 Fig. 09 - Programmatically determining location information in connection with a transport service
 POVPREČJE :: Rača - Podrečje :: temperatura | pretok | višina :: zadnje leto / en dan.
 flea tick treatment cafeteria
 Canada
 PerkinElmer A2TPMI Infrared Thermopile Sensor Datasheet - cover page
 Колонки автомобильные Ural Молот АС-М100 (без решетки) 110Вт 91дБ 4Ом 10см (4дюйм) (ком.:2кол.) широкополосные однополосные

::::

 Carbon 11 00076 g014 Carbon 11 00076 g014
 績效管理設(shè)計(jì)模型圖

::::

> YOUR ASSIGNMENT
Only the lines above from the one with "PerkinElmer A2TPMI Infrared" through the one with "Колонки автомобильные Ural" should be duplicated, character for character.

> TASK RESPONSE
 PerkinElmer A2TPMI Infrared Thermopile Sensor Datasheet - cover page
 Колонки автомобильные Ural Молот АС-М100 (без решетки) 110Вт 91дБ 4Ом 10см (4дюйм) (ком.:2кол.) широкополосные однополосные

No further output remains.